Por sua vez, o art. 588.º do CPC (correspondente, sem novidade, ao art. 506.º do CPC de 1961) dispõe sobre os “Termos em que são admitidos” os Articulados Supervenientes, estabelecendo que:
“1 - Os factos constitutivos, modificativos ou extintivos do direito que forem supervenientes podem ser deduzidos em articulado posterior ou em novo articulado, pela parte a quem aproveitem, até ao encerramento da discussão.
2 - Dizem-se supervenientes tanto os factos ocorridos posteriormente ao termo dos prazos marcados nos artigos precedentes como os factos anteriores de que a parte só tenha conhecimento depois de findarem esses prazos, devendo neste caso produzir-se prova da superveniência.
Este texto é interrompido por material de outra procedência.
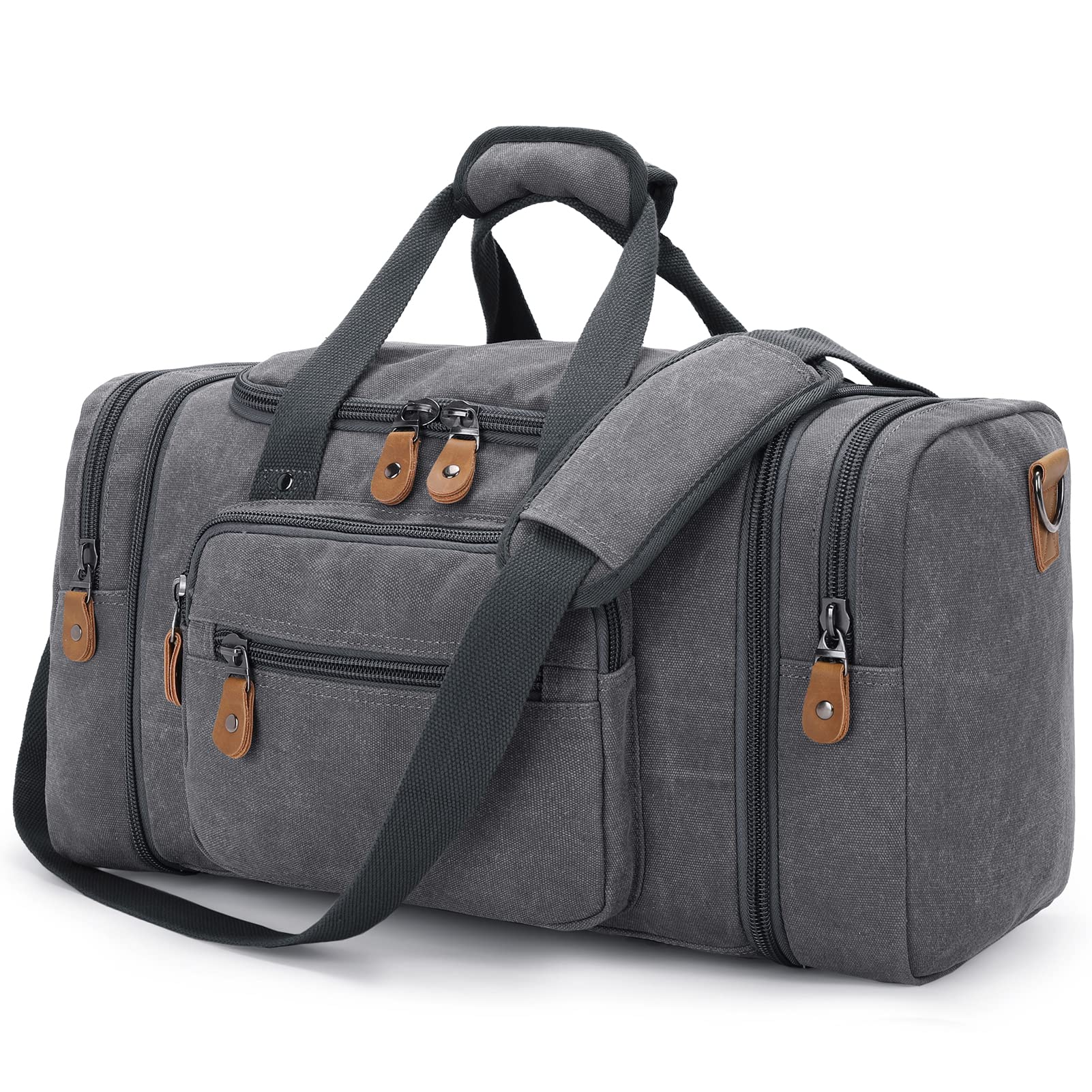 gonex-60l-canvas-duffle-bag image 2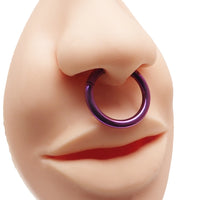 Plain titanium 12g clicker body jewelry from Body Clickers with a 10mm hoop for piercing or jewelry wear
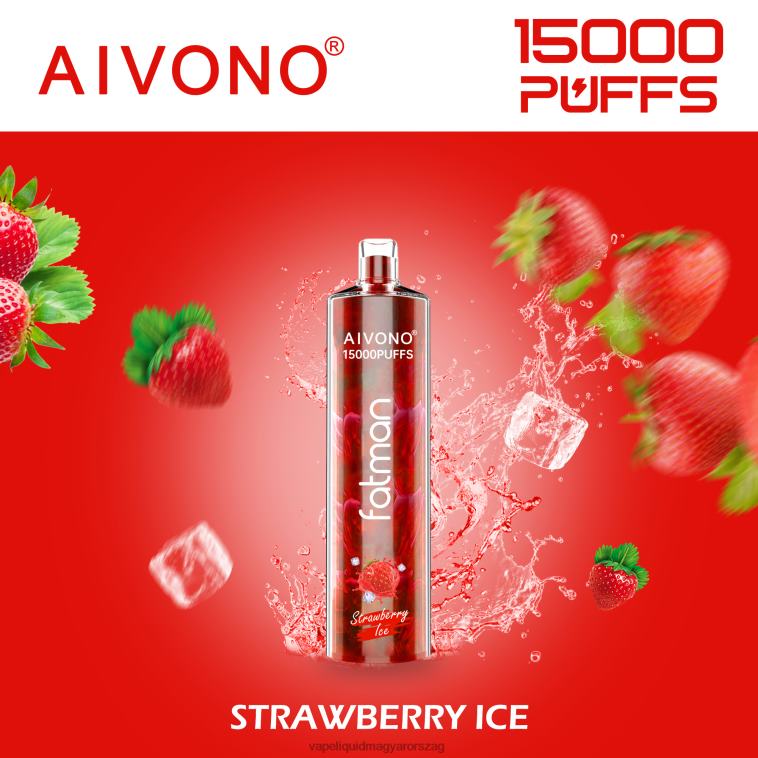 Aivono FATMAN 15000 eper jég 8H80011 - Vape Magyarország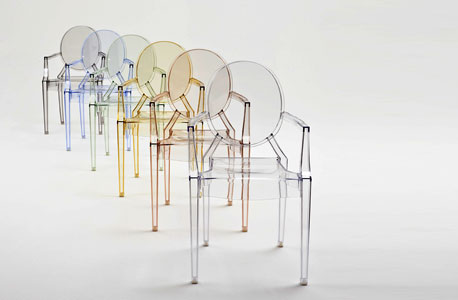כסאות בעיצוב פיליפ סטארק, צילום: kartell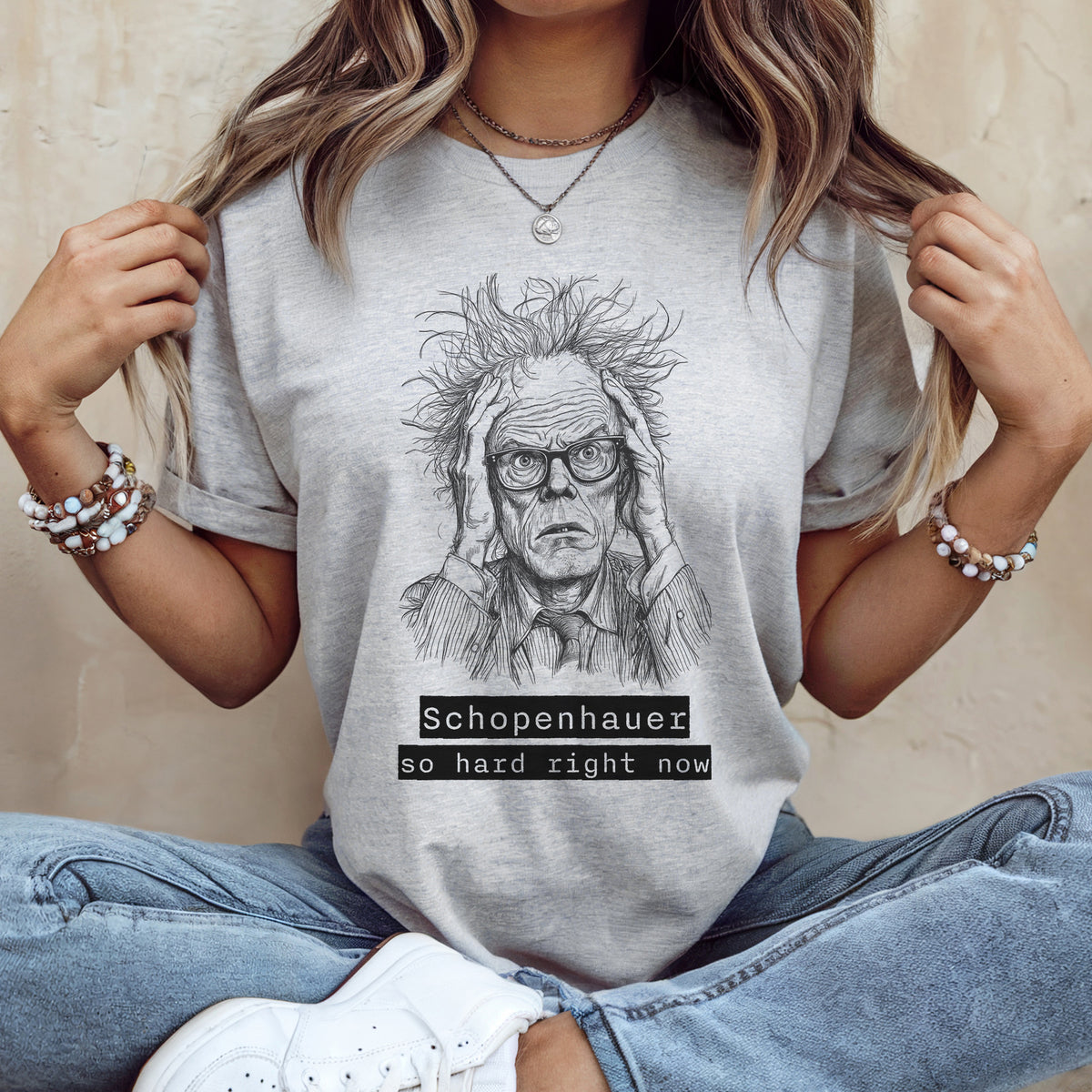 Schopenhauer so hard right now | Philosophers collection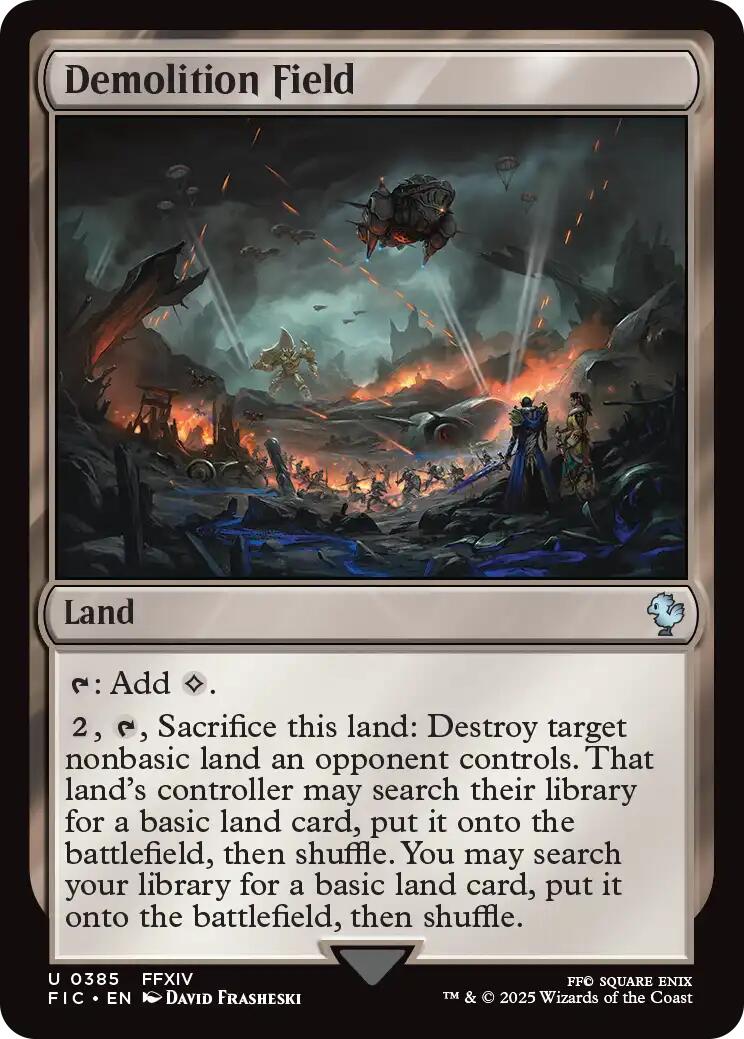 Demolition Field (Surge Foil) [FINAL FANTASY Commander] | Magic Magpie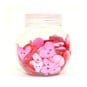 Hobbycraft Button Jar Hearts Pink image number 2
3 - O novo articulado em que se aleguem factos supervenientes é oferecido:
a) Na audiência prévia, quando os factos hajam ocorrido ou sido conhecidos até ao respetivo encerramento;
b) Nos 10 dias posteriores à notificação da data designada para a realização da audiência final, quando não se tenha realizado a audiência prévia;
c) Na audiência final, se os factos ocorreram ou a parte deles teve conhecimento em data posterior às referidas nas alíneas anteriores.
4 - O juiz profere despacho liminar sobre a admissão do articulado superveniente, rejeitando-o quando, por culpa da parte, for apresentado fora de tempo, ou quando for manifesto que os factos não interessam à boa decisão da causa; ou ordenando a notificação da parte contrária para responder em 10 dias, observando-se, quanto à resposta, o disposto no artigo anterior.
5 - As provas são oferecidas com o articulado e com a resposta.
6 - Os factos articulados que interessem à decisão da causa constituem tema da prova nos termos do disposto no artigo 596.º.”
Como explicam Lebre de Freitas e Isabel Alexandre, no seu “Código de Processo Civil Anotado”, Vol. 2.º, 3.ª edição, Almedina, pág. 614, depois de terminado o prazo para o último articulado da parte, podem “ocorrer novos factos – ou elementos de facto – constitutivos da situação jurídica do autor” (superveniência objetiva), ou pode também suceder que só depois de decorrido o prazo para o último articulado “o autor tenha conhecimento de outros factos – ou elementos de facto – constitutivos”, embora tivessem ocorrido anteriormente (superveniência subjetiva).
Para melhor compreensão destas normas e dos conceitos de causa de pedir e pedido e delimitação do âmbito de aplicação daquelas, parece-nos importante lembrar ainda o que dispõem diversos outros artigos do Código de Processo Civil.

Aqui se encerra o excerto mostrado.